Primary school students are evaluated twice against these competencies during this period; the first takes place at the end of CE1, and assesses mainly the standard of reading and writing, whilst the second takes place at the end of CM2 and includes grammar and elementary calculations in addition, subtraction, division and multiplication. Students are assessed against all seven required competencies at the end of lower secondary school. It is generally believed that this emphasis on exams and results will ensure that almost every child will end up with the opportunity to study for a trade, diploma or degree. Each school has a specialised group of career guidance instructors to help pupils, parents and teachers solve problems and assess future goals.
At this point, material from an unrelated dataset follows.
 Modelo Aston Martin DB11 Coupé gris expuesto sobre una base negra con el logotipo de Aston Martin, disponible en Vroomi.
Despite the stricter learning environment, many schools offer a class de découverte (discovery class), where the school class moves to an outside venue (such as the ski-slopes or sea-side). There is not, however, the same level of extra-curricular activities that children from the UK and other European countries might expect – particularly in the case of Arts, Drama, Music and Sports. There are many clubs and associations outside of school, so it is generally up to the parents to assess in which way their child should spend their time and money. The local Syndicat D’Initiative (or Tourism Office) will have details of all local classes, groups and associations. In some areas, sports facilities are subsidised.
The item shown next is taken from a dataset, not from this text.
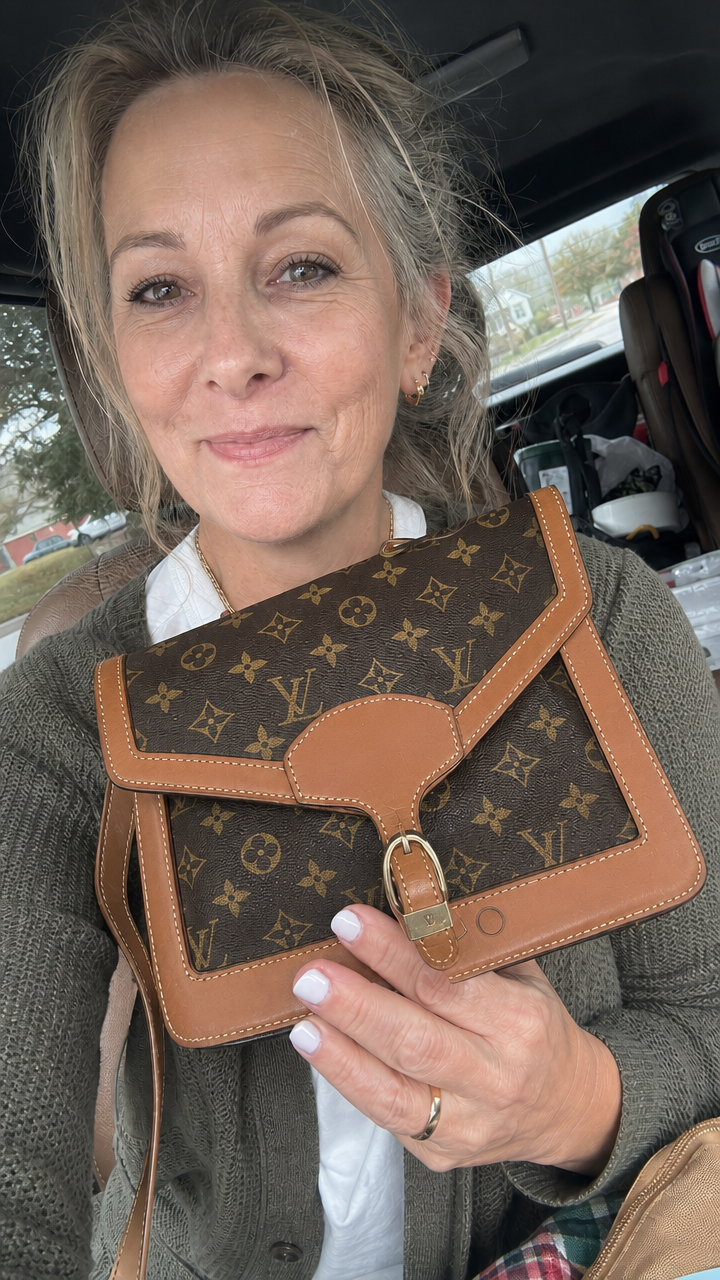 A woman holding a vintage Louis Vuitton bag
It is important to remember that any parent wishing to move their child into the French system will have to deal with the challenge of learning a new language for everyday use. There are a number of additional learning support classes for non-French speaking students available, and you will be able to meet other expats in your area who have been through the same challenges. Starting a child early in primary school in France will reap its rewards pretty quickly and you can expect him or her to become fairly fluent in their adopted language within as short a time as 6 months. In fact, you may well be the one asking for guidance from your child! As a general rule of thumb, children under the age of 10 will learn French without accent. Over this age, there may be a slightly detectable accent but again, such is the nature of youth that there should not be too much difficulty in happily integrating.